If I get a lot of positive feedback about an article, I might spend more time promoting it by posting link to the article where there seems to be interest in that topic. For those writings that seem to be universally appreciated, serving the public interest, and not potentially controversial I may go ahead an advertise a piece. However, I’m always hesitant to do that because it then makes it difficult to know how much genuine organic interest is there for that topic. Occasionally there will be a message on Facebook indicating that a certain post has been very popular, and there is an offer to boost that post through paid advertising. I usually ignore these. If something is popular on its own, then it probably doesn’t need to be advertised. It may be an indication of public interest, but not necessarily a reason to advertise. Also, social media popularity from one post to another can be impacted by the number of people online when the post went live and other factors. So, that data isn’t always reliable.
Using Reader Feedback
Among my favorite courses in college were those that focused on writing, and specifically the writing workshop approach of critiquing and improving a piece of writing. Rather than just handing a paper into the instructor for correction, papers would be shared with the class. Peers would reach each others papers, then each paper would get discussed in class. It can be a difficult process for those who don’t like to receive criticism or suggestions about their work, but I welcomed the feedback. Workshops are common with creative writing or poetry, but can also be useful for other kinds of writing.

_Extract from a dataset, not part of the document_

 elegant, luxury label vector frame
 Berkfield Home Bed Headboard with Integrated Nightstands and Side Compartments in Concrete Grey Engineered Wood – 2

Today, with articles getting posted to the web, it’s common to have a sort of workshop that can be found in the comments section below an article, or on social media. These are very valuable for shaping and refining a writing.
Using the page visit data for online writings, it’s possible to get an idea of what someone searched for on Google (for example) to find the writing. There’ve been times where I examine that and consider if the article could better serve the reader’s interest. So, there are ways to use the aggregate visitor data to an article for determining how to improve the article.
I try to use at least one or two colorful attractive images that related to the content. This is helpful in social media for people to quickly get a sense of what the writing is about, or at least take a split second to read the title to see if they are interested.
Thanks for taking time to read what I write. I appreciate the feedback and support I get from everyone. It inspires me, motivates me, and shapes my future work.
Updates and additions to this document are listed below in chronological order with the most recent at the top.
- 28 Jan 2017 at 11:31 PM CT. The section “Analytics” was added and the entire list was reorganized into alphabetical order.
- 28 Jan 2017 at 4:20 PM CT. The section “Become Your Most Authoritative and Vocal Critic” was added.
- 28 Jan 2017 at 2:17 PM CT. Various sections of this document were updated and expanded. The section on ‘Maintaining a Queue of Topics’ was added.